2. Las primarias priístas se presentaron desde que fueron anunciadas en el mes de mayo como una operación de propaganda del gobierno ``de Zedillo'' para hacer creer que en México ya no hay ``dedazo'' al haber nacido por decreto un ``nuevo PRI'' democrático, de manera particular para que se reconozca a nivel internacional ``la transición mexicana'', y a nadie debería extrañar por lo mismo la campaña de desinformación que se ha sucedido a éstas pretendiendo confundir sobre la naturaleza del régimen (que sigue siendo obviamente presidencialista y de partido de Estado) y sobre la fuerza real del PRI (que no ha dejado de ser otra que la propia fuerza del poder público). Lo que llama la atención es sin embargo las dimensiones de esta operación de propaganda que busca lo mismo legitimar al régimen en el exterior como convalidar por adelantado la imposición que se pretende hacer de Labastida en el 2000, y todo ello con base en el papel que tienen en México los medios, que lejos de lo que pretenden sobre su supuesta imparcialidad continúan siendo aparatos fundamentales del ``sistema''.
3. Los hechos son empero muy distintos a como se han venido describiendo, pues la del domingo 7 fue una verdadera elección ``de Estado'', en la que los resultados eran conocidos por anticipado pues a nadie se ocultaba que el precandidato oficial iba a ser apoyado con todo el peso del Estado, de manera que sus contendientes, aun a pesar suyo, estaban destinados a ser patiños, aun y cuando fuesen agresivos (Madrazo o Bartlett), y a terminar todos por convalidar el proceso, al más puro estilo siciliano.

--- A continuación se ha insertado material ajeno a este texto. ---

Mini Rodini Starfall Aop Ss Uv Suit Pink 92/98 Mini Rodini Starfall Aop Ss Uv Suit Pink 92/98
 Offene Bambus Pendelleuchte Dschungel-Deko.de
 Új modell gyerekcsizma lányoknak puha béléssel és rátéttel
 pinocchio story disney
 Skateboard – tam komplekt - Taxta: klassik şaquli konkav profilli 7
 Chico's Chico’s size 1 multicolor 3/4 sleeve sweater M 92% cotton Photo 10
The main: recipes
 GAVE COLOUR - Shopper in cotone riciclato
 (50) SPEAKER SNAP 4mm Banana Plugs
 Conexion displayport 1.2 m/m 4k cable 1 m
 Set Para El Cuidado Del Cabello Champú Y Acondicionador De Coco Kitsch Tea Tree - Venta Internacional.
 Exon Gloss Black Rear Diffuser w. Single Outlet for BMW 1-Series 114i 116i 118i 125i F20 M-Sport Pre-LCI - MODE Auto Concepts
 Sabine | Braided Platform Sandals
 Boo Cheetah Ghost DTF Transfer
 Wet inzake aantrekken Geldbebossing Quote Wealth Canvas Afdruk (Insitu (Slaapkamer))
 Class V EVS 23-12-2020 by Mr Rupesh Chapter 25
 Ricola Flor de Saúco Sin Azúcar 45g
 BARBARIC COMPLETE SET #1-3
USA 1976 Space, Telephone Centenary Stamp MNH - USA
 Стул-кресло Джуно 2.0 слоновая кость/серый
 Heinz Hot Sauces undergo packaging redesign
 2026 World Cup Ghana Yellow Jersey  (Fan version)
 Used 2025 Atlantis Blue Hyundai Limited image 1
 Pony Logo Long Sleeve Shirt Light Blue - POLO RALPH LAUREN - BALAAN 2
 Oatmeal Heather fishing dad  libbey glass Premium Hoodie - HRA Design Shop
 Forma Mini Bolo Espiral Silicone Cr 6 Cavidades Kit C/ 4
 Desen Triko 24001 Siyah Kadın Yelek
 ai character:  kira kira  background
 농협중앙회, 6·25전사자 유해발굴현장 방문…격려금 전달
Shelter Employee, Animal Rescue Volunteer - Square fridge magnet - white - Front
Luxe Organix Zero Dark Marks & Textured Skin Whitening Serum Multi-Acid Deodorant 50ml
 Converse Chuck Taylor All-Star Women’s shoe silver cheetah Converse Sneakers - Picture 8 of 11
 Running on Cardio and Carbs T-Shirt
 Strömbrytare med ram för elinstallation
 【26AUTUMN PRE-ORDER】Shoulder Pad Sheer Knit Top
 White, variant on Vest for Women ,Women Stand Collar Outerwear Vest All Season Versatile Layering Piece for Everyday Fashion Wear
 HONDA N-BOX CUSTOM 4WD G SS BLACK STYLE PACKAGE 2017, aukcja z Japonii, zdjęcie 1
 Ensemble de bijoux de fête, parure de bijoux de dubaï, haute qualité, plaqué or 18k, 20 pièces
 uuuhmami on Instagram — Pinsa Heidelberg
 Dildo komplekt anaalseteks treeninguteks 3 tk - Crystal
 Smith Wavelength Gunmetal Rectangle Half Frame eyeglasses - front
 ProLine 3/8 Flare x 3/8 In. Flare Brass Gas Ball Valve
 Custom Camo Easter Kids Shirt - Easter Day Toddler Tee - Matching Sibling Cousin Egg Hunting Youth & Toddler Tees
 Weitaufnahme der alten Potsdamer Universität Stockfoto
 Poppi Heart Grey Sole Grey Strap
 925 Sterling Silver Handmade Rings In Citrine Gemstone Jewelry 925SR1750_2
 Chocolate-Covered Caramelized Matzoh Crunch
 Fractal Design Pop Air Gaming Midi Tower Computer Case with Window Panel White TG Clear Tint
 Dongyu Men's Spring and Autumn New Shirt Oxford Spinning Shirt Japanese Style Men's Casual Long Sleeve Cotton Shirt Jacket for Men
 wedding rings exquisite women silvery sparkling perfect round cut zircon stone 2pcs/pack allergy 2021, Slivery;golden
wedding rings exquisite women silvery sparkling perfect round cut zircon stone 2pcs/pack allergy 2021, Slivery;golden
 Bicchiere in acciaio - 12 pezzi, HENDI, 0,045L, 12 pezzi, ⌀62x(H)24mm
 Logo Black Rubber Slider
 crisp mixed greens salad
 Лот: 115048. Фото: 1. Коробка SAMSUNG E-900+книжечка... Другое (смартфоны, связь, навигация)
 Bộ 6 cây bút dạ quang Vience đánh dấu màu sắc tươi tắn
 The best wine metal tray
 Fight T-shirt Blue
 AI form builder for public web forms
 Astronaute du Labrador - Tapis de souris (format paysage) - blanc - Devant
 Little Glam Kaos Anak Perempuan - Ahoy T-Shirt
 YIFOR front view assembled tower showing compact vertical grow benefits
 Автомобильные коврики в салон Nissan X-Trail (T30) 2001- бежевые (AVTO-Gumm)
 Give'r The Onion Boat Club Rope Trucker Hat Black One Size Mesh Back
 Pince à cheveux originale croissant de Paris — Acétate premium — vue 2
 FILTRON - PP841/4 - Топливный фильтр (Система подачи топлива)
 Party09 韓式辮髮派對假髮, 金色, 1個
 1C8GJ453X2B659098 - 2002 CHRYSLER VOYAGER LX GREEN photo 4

4. Las elecciones internas del PRI lejos de mostrar la fuerza de Francisco Labastida prueban así exactamente lo contrario: su debilidad interna y la decisión de Los Pinos de imponérselo al país. Lo sorprendente de esta elección no es una victoria aplastante del sinaloense (pues a pesar del apoyo del aparato sólo obtuvo el doble de votos de Madrazo), como tampoco del PRI (ya que la cifra maquillada de 9 millones de votantes no llega al número de afiliados que pretende tener) ni mucho menos de los militantes (por el cúmulo de irregularidades denunciadas). Lo que evidencia es, por el contrario, la pérdida de control gubernamental sobre las bases del partido, el fuerte cuestionamiento interno a la imposición de Labastida y el indudable éxito de la campaña propagandística de Madrazo, pues el publicista Alazraki hizo de un precandidato deleznable un producto vendible que obtuvo más de tres millones de votos.
5. Las elecciones del 7 de noviembre pusieron además de relieve que el predominio absoluto del Ejecutivo sobre el partido, y la necesidad oficial de ocultar ``el dedazo'', que de ninguna manera ha sido sustituido por ``la cargada'' que como siempre sigue apuntalándolo, responde a las necesidades del capital trasnacional. Ernesto Zedillo propuso y dirigió desde Los Pinos esta simulación y así lo reconoció al felicitarlo el presidente Bill Clinton (9 de noviembre).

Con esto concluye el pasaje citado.